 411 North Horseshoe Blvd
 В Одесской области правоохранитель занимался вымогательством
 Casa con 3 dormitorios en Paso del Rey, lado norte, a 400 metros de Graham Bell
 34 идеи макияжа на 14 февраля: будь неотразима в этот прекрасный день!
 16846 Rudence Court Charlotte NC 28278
-*-
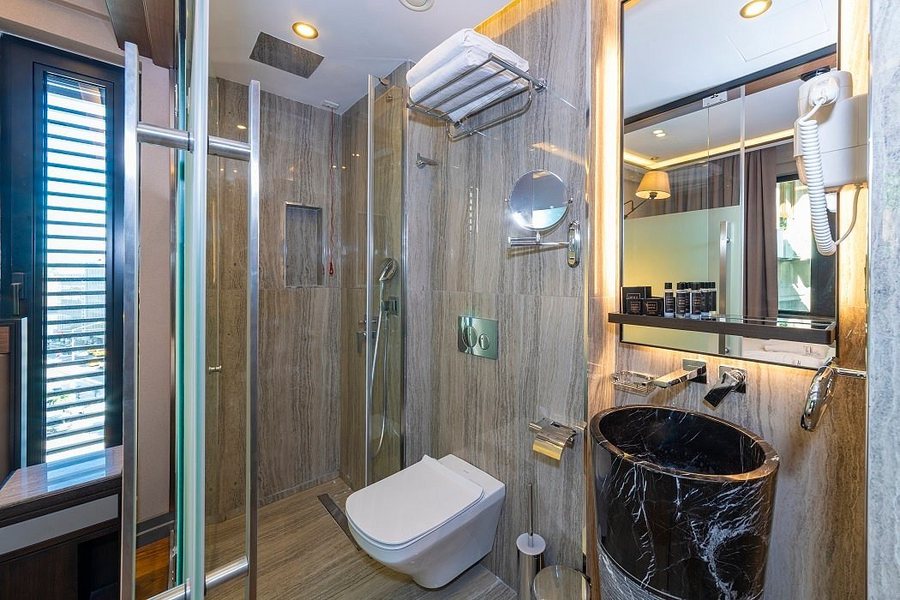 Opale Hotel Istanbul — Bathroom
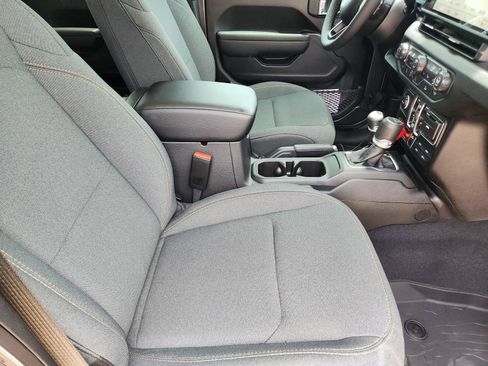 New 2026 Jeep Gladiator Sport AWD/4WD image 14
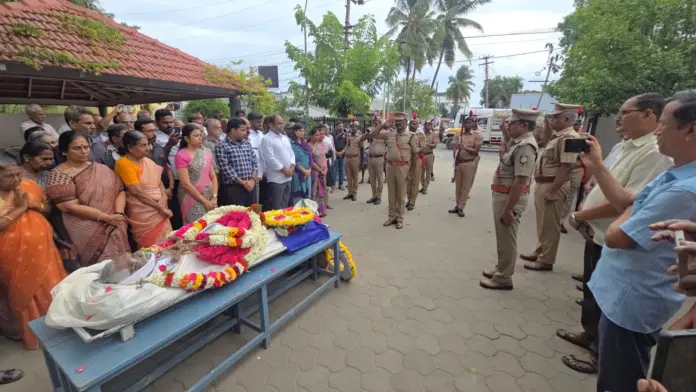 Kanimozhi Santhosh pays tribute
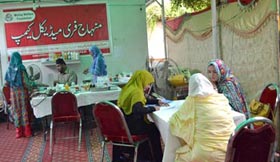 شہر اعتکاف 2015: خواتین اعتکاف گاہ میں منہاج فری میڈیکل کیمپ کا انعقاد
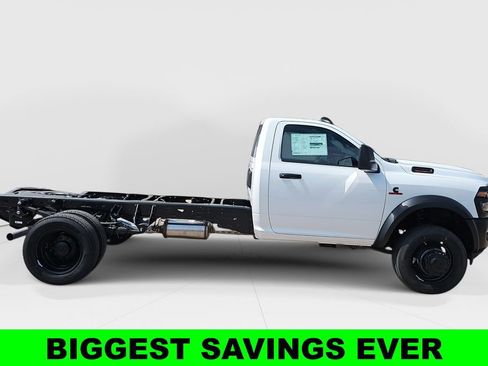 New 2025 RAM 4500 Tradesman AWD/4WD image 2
-*-
## TASK BRIEF
Reproduce the records above exactly, but only from the line with "Opale Hotel Istanbul — Bathroom" up to and including the line with "New 2025 RAM 4500 Tradesman AWD/4WD image 2". Leave the pictures out.

## SOLUTION FOR THIS PROBLEM
 Opale Hotel Istanbul — Bathroom
 New 2026 Jeep Gladiator Sport AWD/4WD image 14
 Kanimozhi Santhosh pays tribute
 شہر اعتکاف 2015: خواتین اعتکاف گاہ میں منہاج فری میڈیکل کیمپ کا انعقاد
 New 2025 RAM 4500 Tradesman AWD/4WD image 2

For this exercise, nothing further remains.